● **Exercise**
From the first line of the listing below to the line with "Nova 12 cm Disney", print each line exactly, and nothing more. Leave out the pictures.

● **Data to examine**
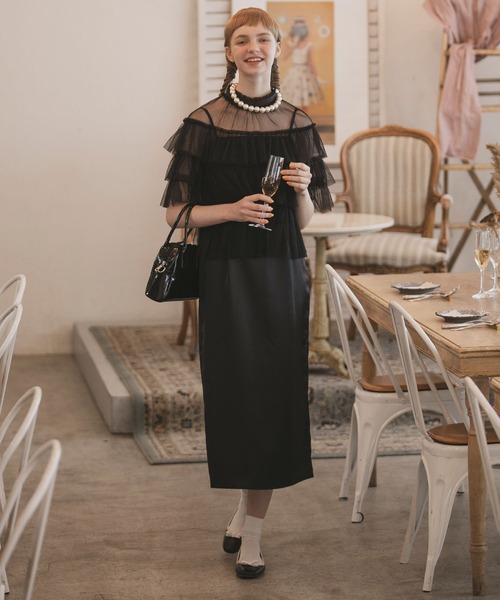 「BONLECILL noir」 コンビワンピース FREE ブラック レディース_画像4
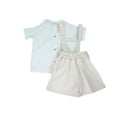 thumbnail image 3 of Boys-White Pique Top- Ivory-Vanilla Striped Suspender Shorts Set-Boy's Clothing, 3 of 3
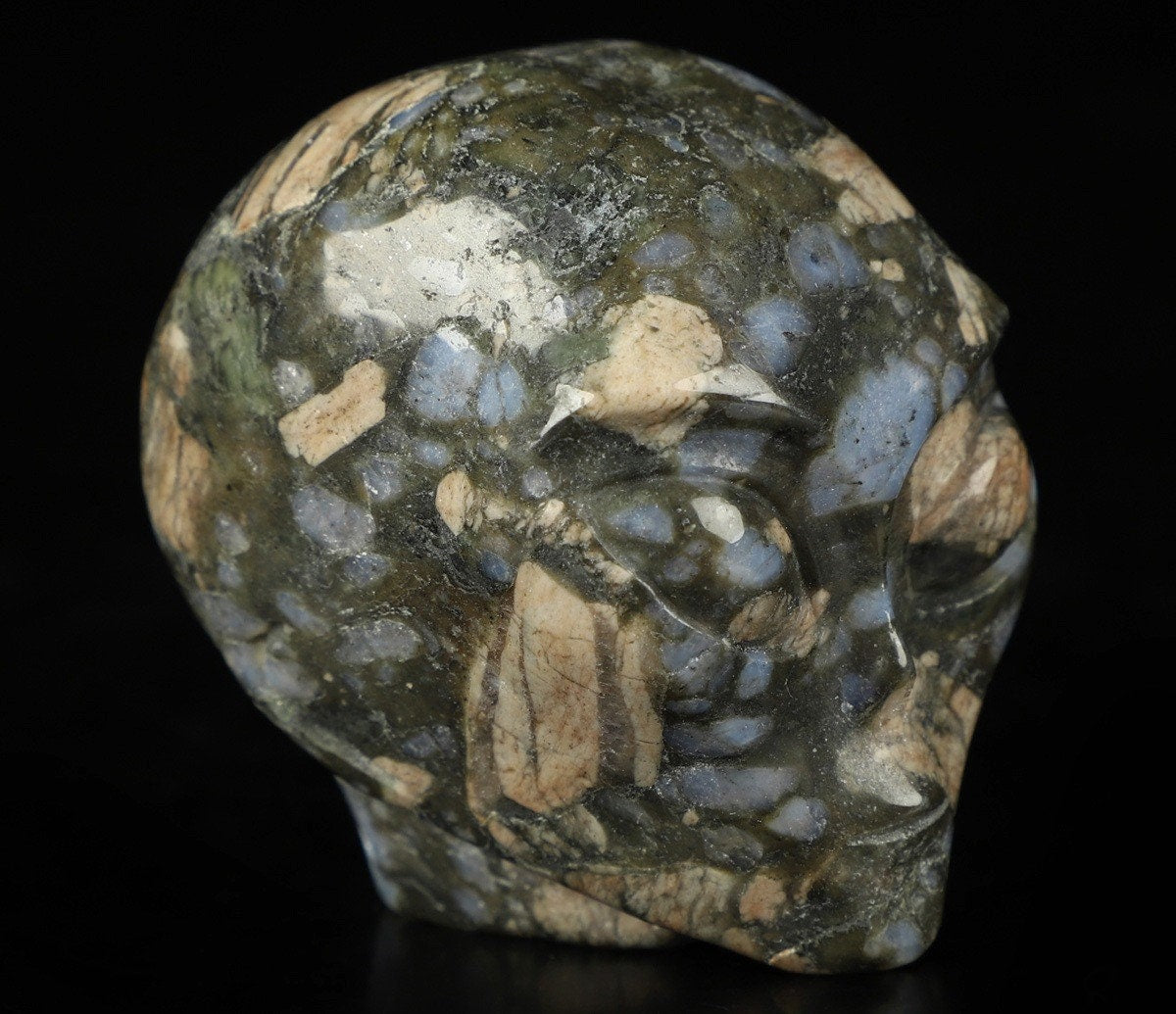 Opale Bleu : Que Sera llanite , Crâne de pierre naturelle de Collection   /  Skull , Cranio , SchÄdel , Craneo Crystal Skull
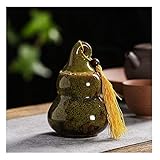 BRFDC 大人の葬儀のCeramicの陶磁器の湿気の防止の少量の人間の灰のための手作りの火葬のUr 5色の創造的なひょうたん (Color : Green, Size : 5X8.5cm)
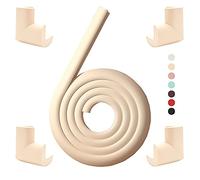Protection Mousse d'Angles et Rebords pour Bébés. 2 M avec et 4 Protège Coin. Convient pour Table, Bureau, Cheminée, Comptoir - Coins Pointus Kit de Sécurité Enfants (Beige (4 Coins et 2 m))
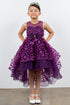 Girls Illusion Princess Top 3D Flower High Low Skirt Flower Girl Dress 2-12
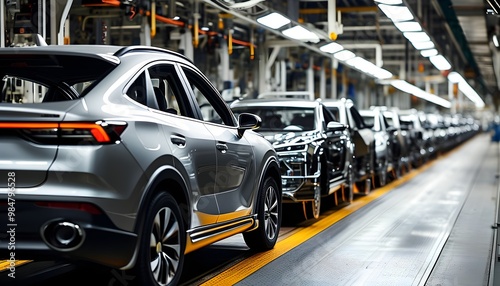 Unfinished cars lined up on an automotive production line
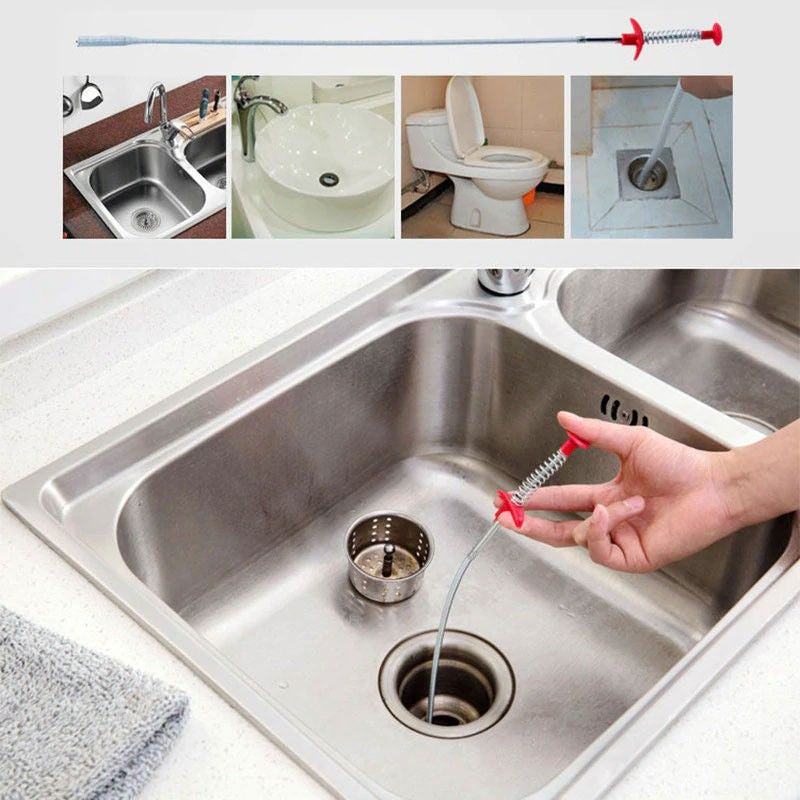 Snake Drain Cleaner Spring Gripper Clog Remover Pipe Pembersih Sinki Singki Tandas Paip Lubang Dapur Tersumbat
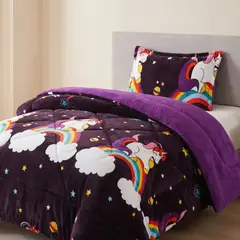 GENERICO - Cobertor Chiporro Invierno 1.5 Plazas - Princesa Unicornio Arcoíris M65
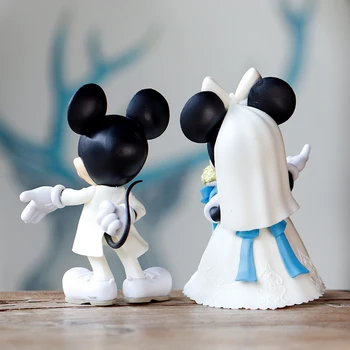 Nova 12 cm Disney CartoonWhite poročno obleko Minnie Princesa Dejanje Slika Lutke Mickey Mouse Model Darilo za Rojstni dan Torta dekoracijo 20900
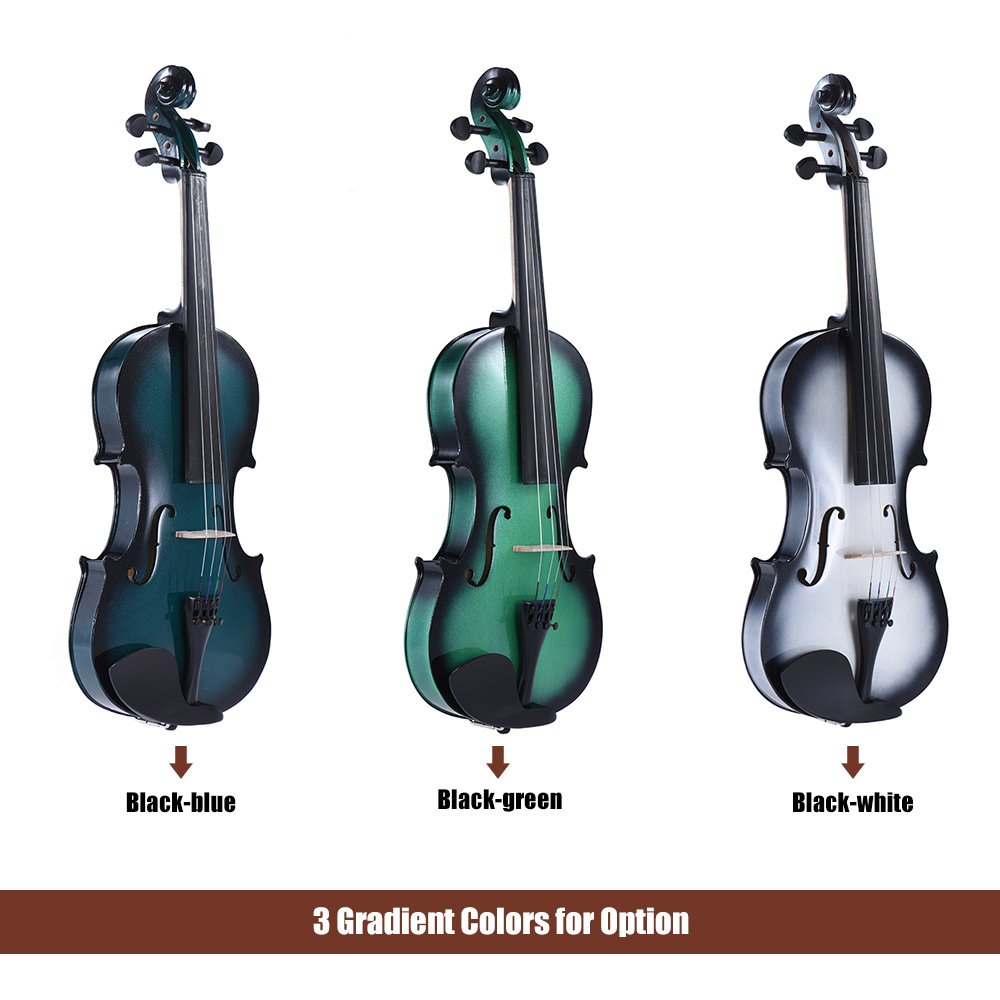 Ammoon 4/4 Full Size Basswood Violin Maple Scroll Fingerboard Pegs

● **Output of the task**
 「BONLECILL noir」 コンビワンピース FREE ブラック レディース_画像4
 thumbnail image 3 of Boys-White Pique Top- Ivory-Vanilla Striped Suspender Shorts Set-Boy's Clothing, 3 of 3
 Opale Bleu : Que Sera llanite , Crâne de pierre naturelle de Collection   /  Skull , Cranio , SchÄdel , Craneo Crystal Skull
 BRFDC 大人の葬儀のCeramicの陶磁器の湿気の防止の少量の人間の灰のための手作りの火葬のUr 5色の創造的なひょうたん (Color : Green, Size : 5X8.5cm)
Protection Mousse d'Angles et Rebords pour Bébés. 2 M avec et 4 Protège Coin. Convient pour Table, Bureau, Cheminée, Comptoir - Coins Pointus Kit de Sécurité Enfants (Beige (4 Coins et 2 m))
 Girls Illusion Princess Top 3D Flower High Low Skirt Flower Girl Dress 2-12
 Unfinished cars lined up on an automotive production line
 Snake Drain Cleaner Spring Gripper Clog Remover Pipe Pembersih Sinki Singki Tandas Paip Lubang Dapur Tersumbat
 GENERICO - Cobertor Chiporro Invierno 1.5 Plazas - Princesa Unicornio Arcoíris M65
 Nova 12 cm Disney CartoonWhite poročno obleko Minnie Princesa Dejanje Slika Lutke Mickey Mouse Model Darilo za Rojstni dan Torta dekoracijo 20900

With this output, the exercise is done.